A travers chants
Published in 1862, A travers chants is the final panel of the ‘trilogy’ begun by Les Soirées de l’orchestre (1852) and continued by Les Grotesques de la musique (1859). In this last book, Berlioz continued selecting pieces from his feuilletons, adding part of his Voyage musical en Allemagne et en Italie; but otherwise he proceeded differently from the earlier volumes. In Soirées, we hear the voices of fictional musicians during performances of inferior operas, whereas Grotesques gives pride of place to fragments, tales, and antics designed to satirize Parisian musical life. A travers chants pays more attention to the ‘sacred monsters’, most of them German, whom Berlioz revered. Although the book is subtitled ‘Etudes musicales, adorations, boutades et critiques’, ‘adorations’ have pride of place. Fragmentary texts have virtually disappeared, allowing space for extended essays on Berlioz’s favoured repertories. The result is three large groupings: the first devoted to Beethoven (all 9 symphonies, trios, sonates and Fidelio), the second centred on Gluck, the third treating other masters, from Weber to Wagner by way of Reber and Heller.
Thus Berlioz, as his life drew to a close, showed his concern to offer a sanctuary to masterpieces which he identified as his own inheritance.

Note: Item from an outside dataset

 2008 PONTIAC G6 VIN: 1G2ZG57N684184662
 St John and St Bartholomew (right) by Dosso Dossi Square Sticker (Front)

To achieve this, he laid a foundation-stone by canonizing Beethoven’s symphonies; by representing himself as the prophet of this revelatory music, he produced something akin to a secular theophany. More generally, Berlioz persistently argued for Werktreue, the integrity of the score, in opposition to unscrupulous conductors, self-loving singers, and mercenary theatre-directors.

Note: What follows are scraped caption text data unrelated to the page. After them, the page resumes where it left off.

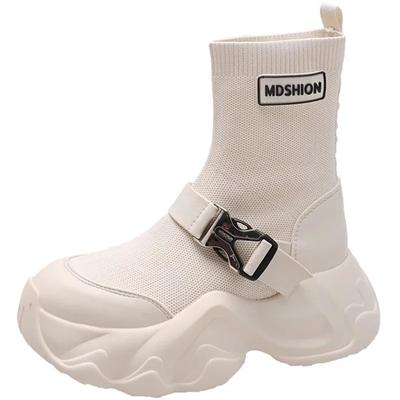 Модные женские сапоги Marton на толстой подошве с высоким голенищем, осень 2024 г., новые повседневные эластичные носки на платформе, короткие сапоги до середины голени на высоком каблуке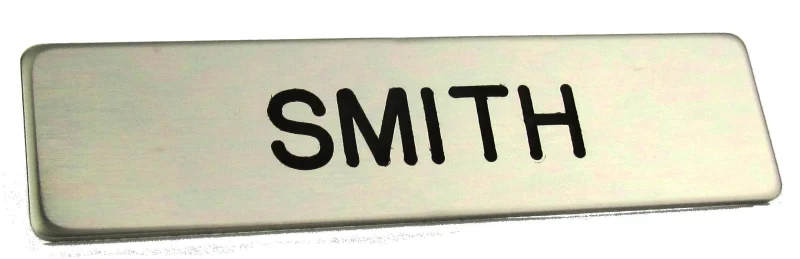 silver steel law enforcement name tag for uniforms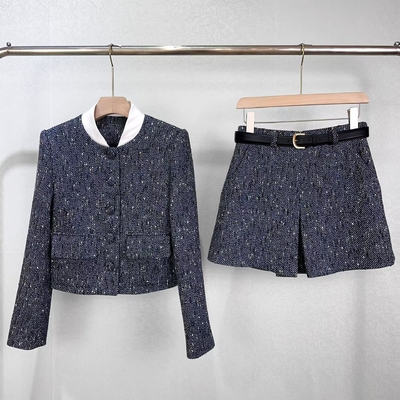 SR2381 Women's Spring/Autumn Dress Suit Including Long-Sleeved Blazer and Dress Set in Polyester/Cotton Material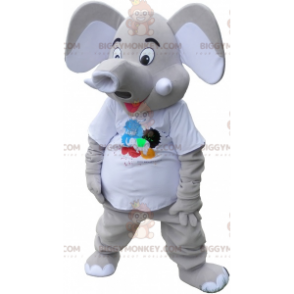 BIGGYMONKEY™ Mascottekostuum Grijze olifant met grote oren -
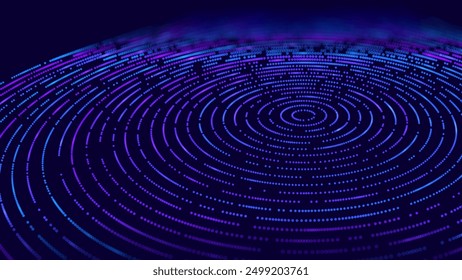 Big Data Visualization. Circular Particles Dots Vortex Abstract Galaxy. Futuristic Science or Finance Infographic Design. Complex Visual Data Background. Abstract Data Flowing. Vector Illustration.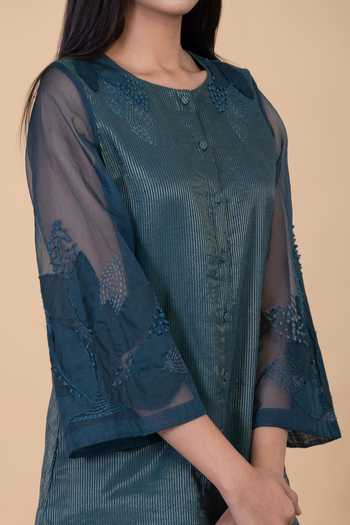 Chambray & Co._Blue Silk Embroidery Round Neck Avah Sleeve Shirt And Pant Set _Online_at_Aza_Fashions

A travers chants was published shortly after the scandal of the Paris Tannhäuser. Although Berlioz agreed with Wagner on the mysteries of listening, and in a shared reverence for Gluck, Beethoven, and Weber, he opposed his proclamation of ‘music of the future’, and responded to it in a particularly interesting chapter (“Concerts by Richard Wagner. Music of the Future”). Since A travers chants opens with a deeply theoretical attempt at a definition of music, the whole book appears to constitute a kind of riposte against Wagnerian theories, where Berlioz expounds his own artistic ideals using examples from the music of his own time.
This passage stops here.